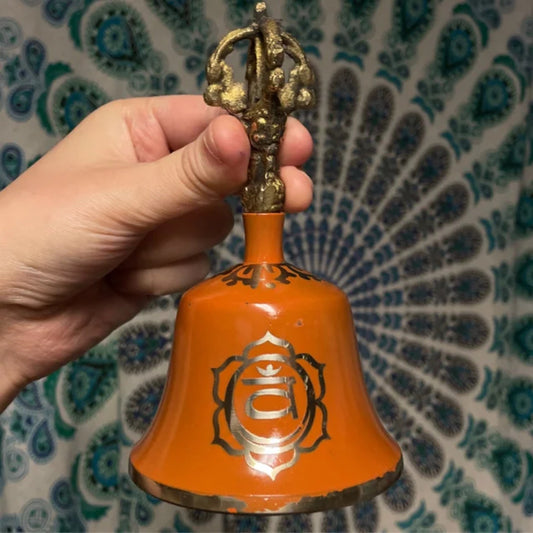 Orange Chakra Bell with gold detailing held against a patterned background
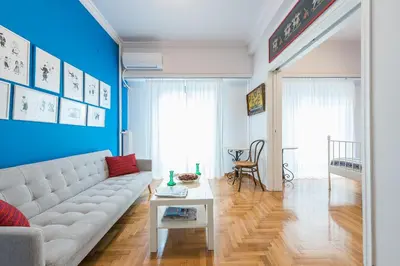 a living room with a white couch and a blue wall at Athens Centre Flat 2 min. from Evangelismos Metro in Athens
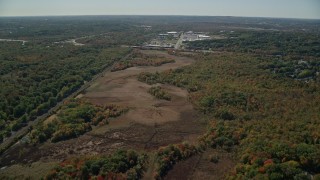 AX142_322 - 5.5K aerial stock footage flying over forest, approach warehouse buildings, autumn, Dedham, Massachusetts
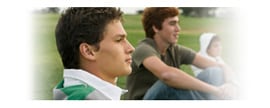 Graphic of two teen-aged boys sitting on the sidewalk.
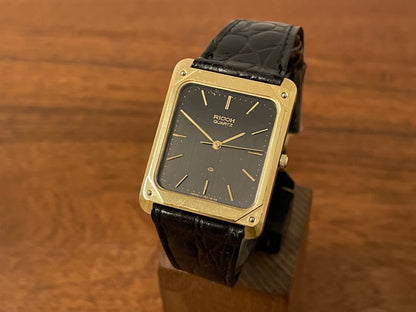 Front side (1970s/1980s) Ricoh 702009 quartz "Tank" dress watch - black dial w/ gold markers (NOS)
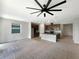 Open concept kitchen with island and dark brown cabinets at 273 Summershore Dr, Auburndale, FL 33823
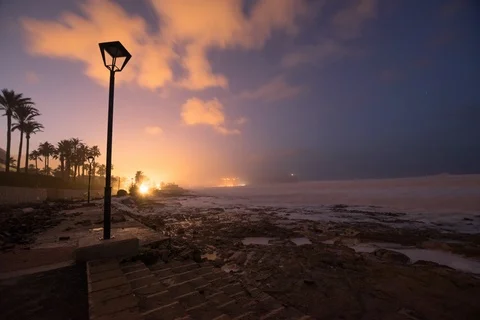 Seafront Storm Aftermath With Aggressive Ocean And Lighthouse Stock Footage 123703168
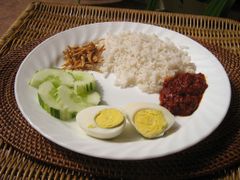 Basic simple nasi lemak with egg, anchovies, cucumber, and sambal belacan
____________
§ **Exercise requirements**:
Quote every line of the records above exactly; no picture is to be copied.

§ **Your solution**:
 Orange Chakra Bell with gold detailing held against a patterned background
 a living room with a white couch and a blue wall at Athens Centre Flat 2 min. from Evangelismos Metro in Athens
 AX142_322 - 5.5K aerial stock footage flying over forest, approach warehouse buildings, autumn, Dedham, Massachusetts
 Graphic of two teen-aged boys sitting on the sidewalk.
 Front side (1970s/1980s) Ricoh 702009 quartz "Tank" dress watch - black dial w/ gold markers (NOS)
 Open concept kitchen with island and dark brown cabinets at 273 Summershore Dr, Auburndale, FL 33823
 Seafront Storm Aftermath With Aggressive Ocean And Lighthouse Stock Footage 123703168
 Basic simple nasi lemak with egg, anchovies, cucumber, and sambal belacan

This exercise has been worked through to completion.